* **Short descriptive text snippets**
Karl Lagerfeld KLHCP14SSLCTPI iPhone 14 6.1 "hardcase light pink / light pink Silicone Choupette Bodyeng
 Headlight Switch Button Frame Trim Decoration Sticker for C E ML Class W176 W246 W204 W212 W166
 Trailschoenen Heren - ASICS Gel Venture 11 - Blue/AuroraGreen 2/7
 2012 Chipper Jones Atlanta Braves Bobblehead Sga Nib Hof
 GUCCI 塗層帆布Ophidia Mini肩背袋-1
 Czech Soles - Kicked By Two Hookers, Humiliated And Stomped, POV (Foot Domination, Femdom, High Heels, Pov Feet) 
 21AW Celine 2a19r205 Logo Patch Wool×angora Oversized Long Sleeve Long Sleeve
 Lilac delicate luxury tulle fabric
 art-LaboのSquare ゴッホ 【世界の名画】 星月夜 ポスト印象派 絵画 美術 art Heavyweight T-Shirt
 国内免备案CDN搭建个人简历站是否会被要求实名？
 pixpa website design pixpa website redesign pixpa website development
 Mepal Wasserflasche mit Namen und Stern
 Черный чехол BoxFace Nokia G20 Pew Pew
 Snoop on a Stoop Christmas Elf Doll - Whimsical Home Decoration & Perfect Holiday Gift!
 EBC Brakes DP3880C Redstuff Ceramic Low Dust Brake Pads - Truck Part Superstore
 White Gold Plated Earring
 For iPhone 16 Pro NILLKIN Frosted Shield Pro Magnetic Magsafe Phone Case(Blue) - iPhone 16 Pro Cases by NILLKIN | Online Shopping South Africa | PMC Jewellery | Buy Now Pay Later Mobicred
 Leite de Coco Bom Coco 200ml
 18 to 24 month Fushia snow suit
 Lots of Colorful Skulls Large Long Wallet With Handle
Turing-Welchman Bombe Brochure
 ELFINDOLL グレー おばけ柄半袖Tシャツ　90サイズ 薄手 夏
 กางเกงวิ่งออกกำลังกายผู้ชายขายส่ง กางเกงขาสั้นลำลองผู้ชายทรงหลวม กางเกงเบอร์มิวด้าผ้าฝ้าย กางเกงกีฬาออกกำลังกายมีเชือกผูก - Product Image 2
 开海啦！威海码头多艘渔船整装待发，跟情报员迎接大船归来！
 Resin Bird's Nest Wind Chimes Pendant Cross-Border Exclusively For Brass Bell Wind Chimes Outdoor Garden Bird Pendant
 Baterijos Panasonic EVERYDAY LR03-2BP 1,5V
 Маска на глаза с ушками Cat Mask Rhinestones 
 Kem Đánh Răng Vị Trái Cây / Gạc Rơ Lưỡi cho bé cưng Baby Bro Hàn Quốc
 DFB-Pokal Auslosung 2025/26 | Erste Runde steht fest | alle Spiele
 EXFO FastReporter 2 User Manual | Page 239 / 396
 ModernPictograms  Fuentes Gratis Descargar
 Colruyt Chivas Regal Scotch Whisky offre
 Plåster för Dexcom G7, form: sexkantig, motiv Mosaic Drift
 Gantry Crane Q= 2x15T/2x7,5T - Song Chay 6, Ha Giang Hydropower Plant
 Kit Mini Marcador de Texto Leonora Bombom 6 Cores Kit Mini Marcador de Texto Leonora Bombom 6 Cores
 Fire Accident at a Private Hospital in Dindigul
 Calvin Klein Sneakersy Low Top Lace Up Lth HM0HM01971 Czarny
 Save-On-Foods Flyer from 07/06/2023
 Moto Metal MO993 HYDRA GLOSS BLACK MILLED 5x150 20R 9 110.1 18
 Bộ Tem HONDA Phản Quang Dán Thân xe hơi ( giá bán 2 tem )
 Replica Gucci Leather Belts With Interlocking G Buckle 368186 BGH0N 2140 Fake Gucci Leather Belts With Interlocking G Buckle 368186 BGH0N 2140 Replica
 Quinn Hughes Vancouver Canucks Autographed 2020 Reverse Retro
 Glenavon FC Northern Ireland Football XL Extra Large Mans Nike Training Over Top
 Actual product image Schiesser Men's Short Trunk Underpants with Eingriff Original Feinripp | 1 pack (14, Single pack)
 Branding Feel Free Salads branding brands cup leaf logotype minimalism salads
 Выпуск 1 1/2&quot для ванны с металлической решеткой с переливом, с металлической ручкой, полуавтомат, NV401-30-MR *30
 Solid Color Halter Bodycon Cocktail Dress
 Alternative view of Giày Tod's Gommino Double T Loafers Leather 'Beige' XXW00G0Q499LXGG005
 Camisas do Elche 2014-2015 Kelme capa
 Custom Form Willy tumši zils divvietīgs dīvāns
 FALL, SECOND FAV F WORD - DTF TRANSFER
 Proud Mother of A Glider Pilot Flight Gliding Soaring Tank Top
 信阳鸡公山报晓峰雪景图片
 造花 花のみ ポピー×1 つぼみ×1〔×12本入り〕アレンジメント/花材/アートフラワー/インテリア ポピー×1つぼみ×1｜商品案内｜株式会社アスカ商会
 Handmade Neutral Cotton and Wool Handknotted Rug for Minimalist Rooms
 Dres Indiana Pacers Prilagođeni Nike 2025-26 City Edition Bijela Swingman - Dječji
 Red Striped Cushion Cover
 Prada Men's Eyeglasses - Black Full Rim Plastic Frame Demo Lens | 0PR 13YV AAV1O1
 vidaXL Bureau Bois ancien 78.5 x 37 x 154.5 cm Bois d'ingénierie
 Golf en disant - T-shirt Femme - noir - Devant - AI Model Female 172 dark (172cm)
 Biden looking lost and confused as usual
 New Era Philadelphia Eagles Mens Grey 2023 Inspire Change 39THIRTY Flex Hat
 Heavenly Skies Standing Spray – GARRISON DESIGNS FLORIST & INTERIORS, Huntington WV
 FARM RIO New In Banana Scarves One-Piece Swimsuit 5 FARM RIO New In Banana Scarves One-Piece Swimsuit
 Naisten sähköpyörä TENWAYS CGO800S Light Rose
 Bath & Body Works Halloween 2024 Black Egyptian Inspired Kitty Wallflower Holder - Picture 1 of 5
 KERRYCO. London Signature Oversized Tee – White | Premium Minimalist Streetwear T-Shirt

* **Exercise prompt**
The lines needed are the ones from the first line of the entries through the line that contains "GUCCI 塗層帆布Ophidia Mini肩背袋-1", given again without any change.

* **Answer**
Karl Lagerfeld KLHCP14SSLCTPI iPhone 14 6.1 "hardcase light pink / light pink Silicone Choupette Bodyeng
 Headlight Switch Button Frame Trim Decoration Sticker for C E ML Class W176 W246 W204 W212 W166
 Trailschoenen Heren - ASICS Gel Venture 11 - Blue/AuroraGreen 2/7
 2012 Chipper Jones Atlanta Braves Bobblehead Sga Nib Hof
 GUCCI 塗層帆布Ophidia Mini肩背袋-1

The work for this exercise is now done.